How do you achieve job engagement and work commitment? In this summer edition of the Nordic Labour Journal our writers, experts and researchers explore what happens with job engagement when work pressure increases. Does job engagement really equal increased productivity? Is job engagement pure gold?
In the second act of his play Ghosts, Henrik Ibsen compares the joy of work to the joy of life itself. With that in mind it is thought-provoking to focus on job engagement and commitment to work while some 25 million people in Europe and nearly one million in the Nordic countries are unemployed. To them job engagement might seem like a luxury problem. But cuts can hit those who still work and staff reductions often lead to tougher work environments.
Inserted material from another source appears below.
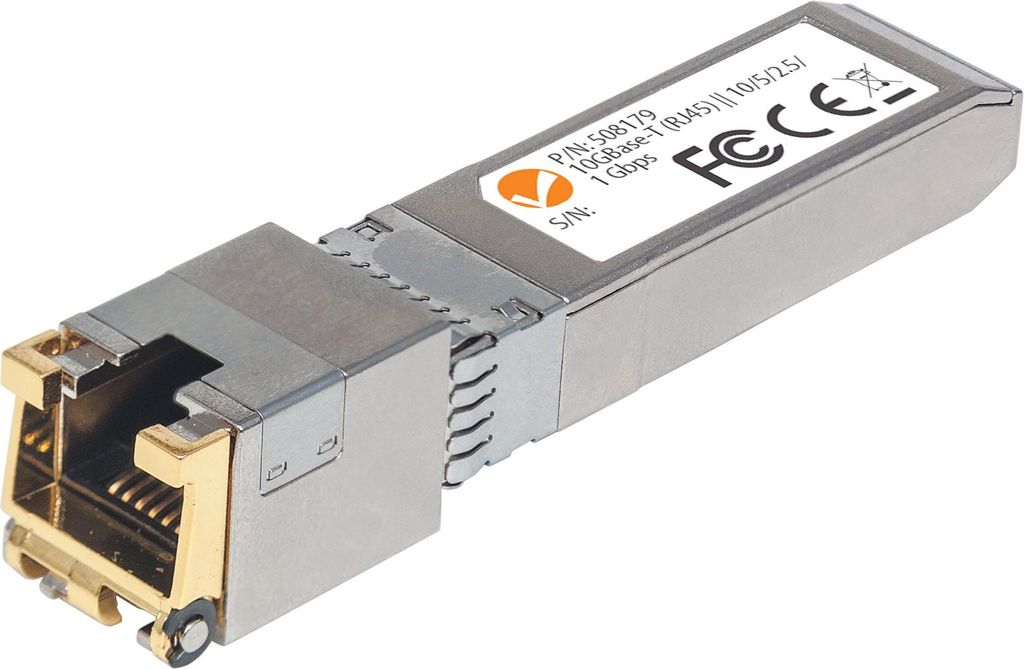 INTELLINET 10 Gigabit SFP+ Mini-GBIC Transceive fuer RJ45-Kabel 10GBase-T 30m bis 10Gbit/s Uebertragungsraten mit Cat6a Kabeln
It is important to make sure job engagement doesn’t disappear out the door together with those who loose their jobs.
In the report ‘Nordic Growth Sectors –How can working life policies contribute to improving the framework conditions?’ from the Nordic Council of Ministers, the work environment is one of five important dimensions. The authors say Nordic businesses should systematically measure and publish data on the psychosocial work environment, and that good examples of businesses that have improved in this area should be gathered from across the Nordic region. Yet measuring without acting on the results could make matters worse, warn Danish experts in ‘Action needed to combat bad psychosocial work environments’.
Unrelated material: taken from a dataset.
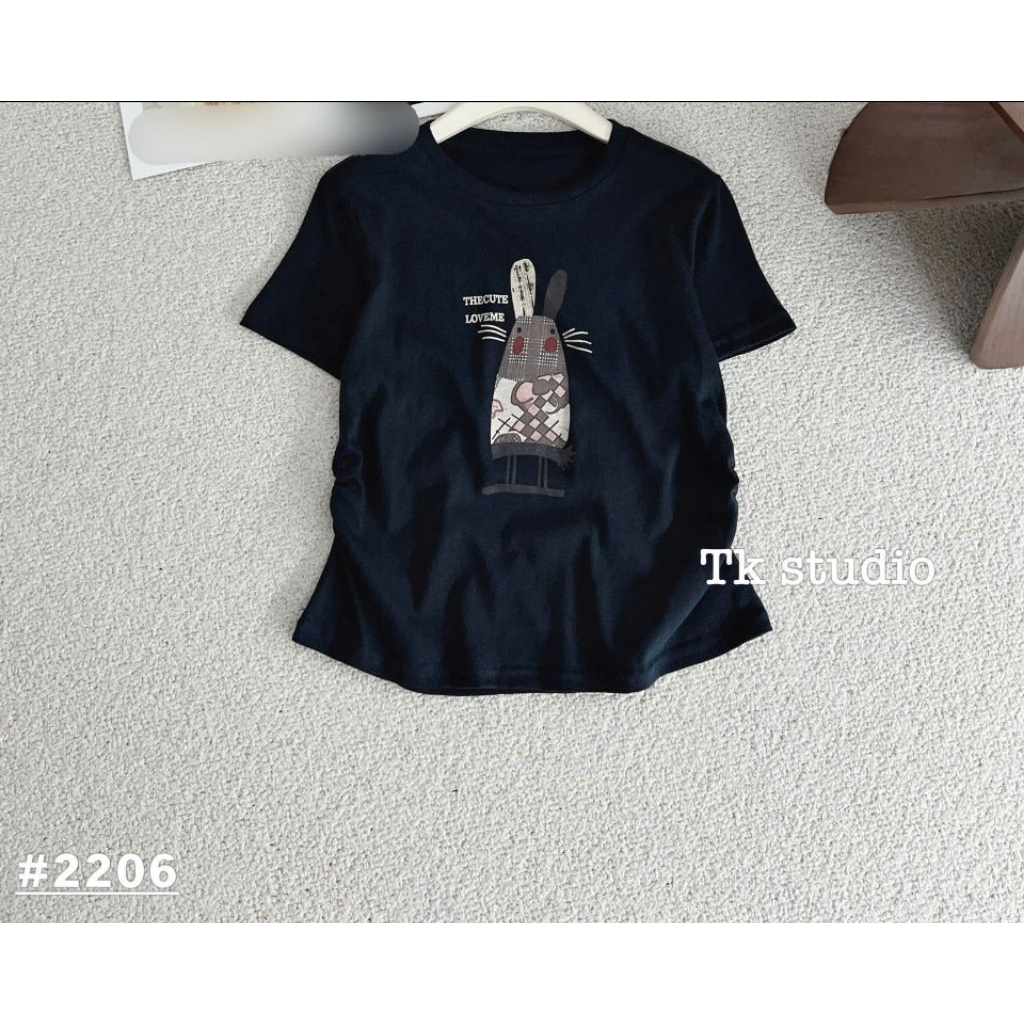 [𝑯𝒂 𝑨𝒏𝒉] Áo Cộc Phông Thỏ Rút Eo QCL1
‘Almost always fun at work’ looks at how Finnish Fondia has managed to create job engagement and be named best employer of the year by the European Great Place to Work Institute. Working life researcher Jari Hakanen says there is an obvious link between job engagement and increased growth.
Yet working life researcher Benedicte Brøgger is not sure whether that link is right. In ‘Could increased job engagement improve productivity?’ she wonders whether the opposite could be true; that growth industries improve because it is easier for them to find suitable tasks for employees. Even when job engagement doesn’t mean more money, it could result in more innovative businesses and better customer relationships, as employees actually care, says Benedicte Brøgger.
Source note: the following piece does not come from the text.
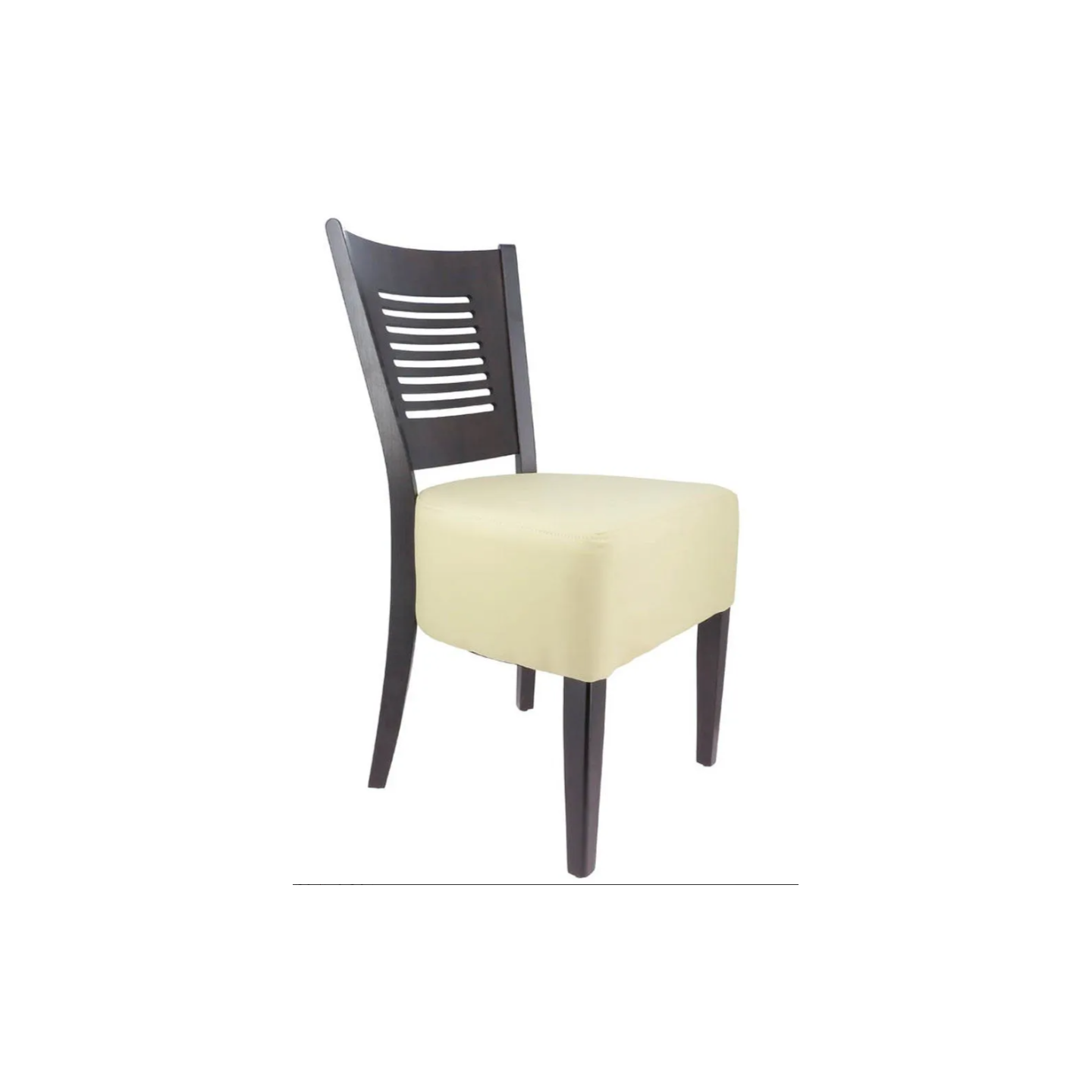 Chaise d'intérieur Amilly en bois assise tapissée en simili cuir beige -par 2 Valero-mondialchr.com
Asbjørn Grimsmo has performed systematic work environment surveys in Norwegian media companies for decades. The 2012 Journalist Survey shows job engagement is challenged when people are expected to be online at all times. Grimsmo thinks employers must allow participation, ensure social support and trust within the organisation, learning opportunities, meaningful work and organisational fairness. Finding the balance between having enough work environment resources to stay on top of things while demands rise can secure both job engagement, commitment and improved health, says Grimsmo. Pure gold?